Leading HR directors have backed a proposal suggesting staff that lose tribunal claims should be forced to pay the employers’ costs.
Shadow business secretary Alan Duncan last week told Personnel Today that tribunals never awarded costs against the person who applied, but under a Tory government they would.
Helen Giles, HR director for homelessness charity Broadway, welcomed the recommendation, adding she would like to see a system of compulsory and non-refundable deposits for all staff looking to bring a discrimination claim.
She said: “The courts have cases with little merit but public policy [means] that they don’t ever throw out a discrimination claim, however spurious it is.
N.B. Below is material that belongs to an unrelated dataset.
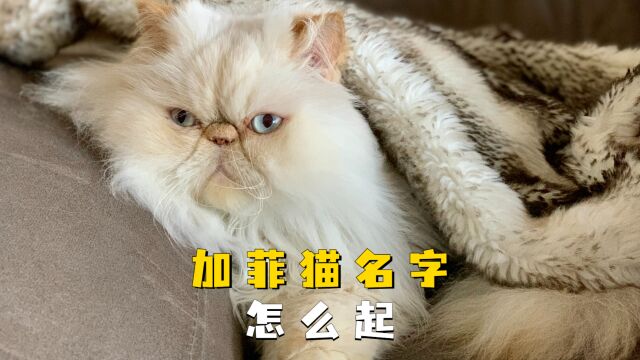 加菲猫名字怎么起?下面有几点建议!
“To start making people have to pay would be a huge deterrent. We would see the ludicrous amounts of public funds wasted on five to 10-day hearings come down and employers could carry on business more efficiently and effectively.”
Figures in the Acas annual report earlier this year revealed some 227,000 employment tribunal claims were brought in 2007-08, compared with 180,000 in 2006-07, with courts largely being swamped by an increase in equal pay claims.
Robert Ingram, HR director of management consulting firm Capgemini, added there should be better screening of time-wasting claims. “Sometimes the tribunals will find it difficult to say no to a hearing when clearly there is nothing to answer. It ought to be thrown out before it is heard,” he said.
Sara Edwards, HR and change director at retailer Liberty, said: “Costs should be applied in those cases that are submitted without any particular grounds or merit.”
But a spokesman for the Department for Business, Enterprise and Regulatory Reform said: “The introduction of automatic award of costs will deter individuals from bringing claims to tribunal for fear of being left with a large bill if they are unsuccessful.”